Geller suggested Saudi influence should be feared more than supposed Russian influence, as “the Saudis are actively working to destabilize the world, the Russians are not.”
Indeed, Geller urged the West to “break all ties” with the Saudi regime.
G.M. Davis, a Ph.D. from Stanford University and the author of “House of War: Islam’s Jihad Against the World,” argues the new report from German intelligence is simply a confirmation of what most educated observers already know: Saudi Arabia is “the leading government sponsor of Islamic terrorism in the West and around the world.”
“Since at least the late 1970s with the jihadist campaign against the Soviets in Afghanistan, the Saudi government and top-ranking individuals have pursued a policy of exporting jihad to the non-Muslim world as a means of spreading Wahhabist influence abroad as well as keeping a lid on violence at home,” he explained. “Saudi Arabia is a totalitarian Sharia state, utterly devoid of basic freedoms, in which homosexuals are beheaded, adulterers stoned, women routinely beaten in public, and children indoctrinated with a virulent hatred for Christians and Jews. That Saudi Arabia is still considered an ally of the West only testifies to the state of confusion in Western policy and the West’s own complicity in jihadist activity.”
Davis said the United States has often served as a partner of the Saudi regime in spreading militant Islamism.

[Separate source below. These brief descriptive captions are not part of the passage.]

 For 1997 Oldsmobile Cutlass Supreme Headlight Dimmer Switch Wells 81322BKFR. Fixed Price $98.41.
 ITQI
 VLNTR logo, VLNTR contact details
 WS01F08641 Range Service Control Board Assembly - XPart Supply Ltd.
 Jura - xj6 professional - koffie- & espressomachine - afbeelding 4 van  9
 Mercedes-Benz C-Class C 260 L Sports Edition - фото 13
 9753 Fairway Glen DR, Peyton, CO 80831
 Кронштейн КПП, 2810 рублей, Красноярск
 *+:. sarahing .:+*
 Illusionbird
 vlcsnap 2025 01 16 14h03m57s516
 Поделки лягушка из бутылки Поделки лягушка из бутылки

“Starting with the jihad in Afghanistan against the Soviets begun during the tenure of President Carter, every U.S. administration has supported jihad in some form against a non-Muslim or relatively secular power,” Davis said. “Reagan in Afghanistan, Bush and Clinton in Yugoslavia and Bosnia, Bush II in Iraq and Kosovo, Obama in Libya, Syria, and elsewhere. The unhappy fact is that the West, led by the U.S., has been happy to support jihad abroad in order to pursue its geopolitical ambitions, many of which are directed against a revitalized Russia. But it has proven extremely difficult to get the jihadist genie back in the bottle. It was the same Saudi jihadists that the U.S. helped get into Bosnia in the 1990s who later, with fresh Bosnian passports, set up shop in Germany and plotted 9/11.”
Davis contrasted the media-promoted “conspiracy theories” about Russia with the “almost total neglect of Saudi Arabia in the mainstream media as the leading culprit behind Islamic terrorist activity in Syria and the orthodox Islamic program more generally in Europe and around the world.”

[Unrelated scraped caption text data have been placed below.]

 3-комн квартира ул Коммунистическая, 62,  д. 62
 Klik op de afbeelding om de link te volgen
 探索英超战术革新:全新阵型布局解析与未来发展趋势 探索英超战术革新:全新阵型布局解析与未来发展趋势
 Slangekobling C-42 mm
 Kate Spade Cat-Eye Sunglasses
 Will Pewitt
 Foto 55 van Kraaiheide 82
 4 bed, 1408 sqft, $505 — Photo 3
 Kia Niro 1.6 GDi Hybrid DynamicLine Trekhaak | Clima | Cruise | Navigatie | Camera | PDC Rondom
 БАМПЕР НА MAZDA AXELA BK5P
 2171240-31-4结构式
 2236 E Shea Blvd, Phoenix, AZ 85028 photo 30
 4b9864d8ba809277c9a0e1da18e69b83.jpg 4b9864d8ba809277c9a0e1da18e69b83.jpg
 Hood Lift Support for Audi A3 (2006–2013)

“Saudi Arabia continues to shelter behind the fact that it is the world’s marginal oil producer, the only oil exporter capable of significantly increasing production if it desired,” Davis explained. “Furthermore, thanks to its prodigious oil revenues, it has both major U.S. political parties and the neoconservative/neoliberal foreign policy establishment in its back pocket: the cozy relationship between the Saudis and the Bushes, for example, is legendary, while we have learned a great deal from the leaked Clinton/DNC/Podesta emails about the closeness of the Saudis and the obnoxious Clinton Foundation.”
Rather than seeking confrontation with Russia, Davis urged the new Trump administration to seek cooperation with Putin’s government to cut off the Saudi leadership from Western capital. He also urged sanctions on the Saudi regime and developing sources of energy and trade relationships which would cut the Saudis out of the market. Most importantly, Davis urged Westerners not to be fooled about the reality of their so-called ally in the Persian Gulf.
“The two pillars that keep the Saudi polity alive are brutality and oil,” Davis intoned. “Few more self-serving, repressive, dangerous, and downright villainous governments exist on the face of the earth.”